Work instruction:
Copy out each line of the data that contains "Solar".

Excerpted data:
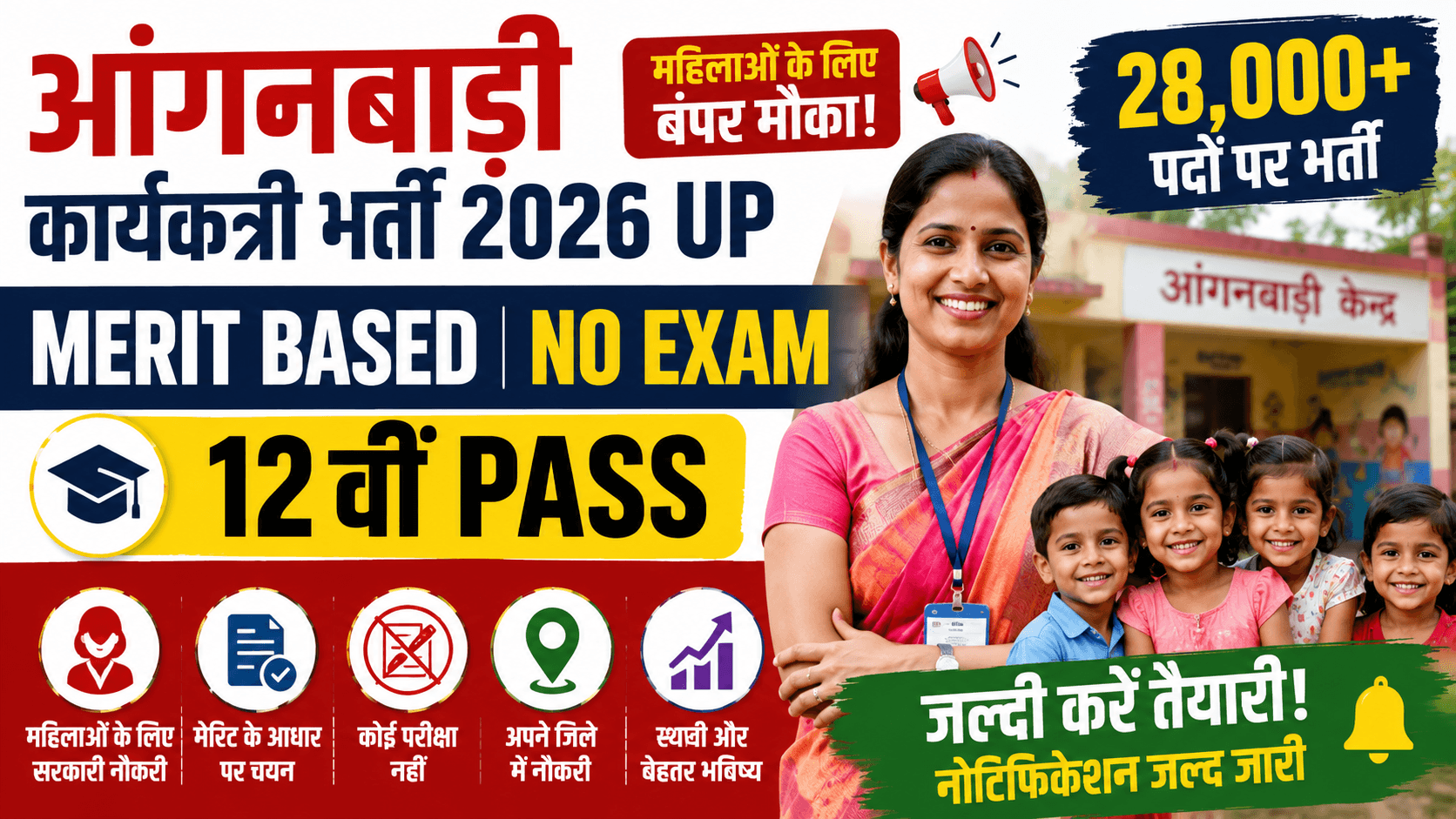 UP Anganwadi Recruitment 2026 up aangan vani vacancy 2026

...

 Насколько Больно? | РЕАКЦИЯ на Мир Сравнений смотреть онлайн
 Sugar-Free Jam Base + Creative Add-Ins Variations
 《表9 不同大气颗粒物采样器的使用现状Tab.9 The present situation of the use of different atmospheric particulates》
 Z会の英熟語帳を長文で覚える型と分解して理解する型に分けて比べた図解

--

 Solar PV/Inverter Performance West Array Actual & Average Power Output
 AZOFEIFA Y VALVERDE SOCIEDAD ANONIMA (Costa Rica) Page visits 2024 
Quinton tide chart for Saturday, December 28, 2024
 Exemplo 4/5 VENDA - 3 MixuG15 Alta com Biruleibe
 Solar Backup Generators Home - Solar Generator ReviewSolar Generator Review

Reply:
 Solar PV/Inverter Performance West Array Actual & Average Power Output
 Solar Backup Generators Home - Solar Generator ReviewSolar Generator Review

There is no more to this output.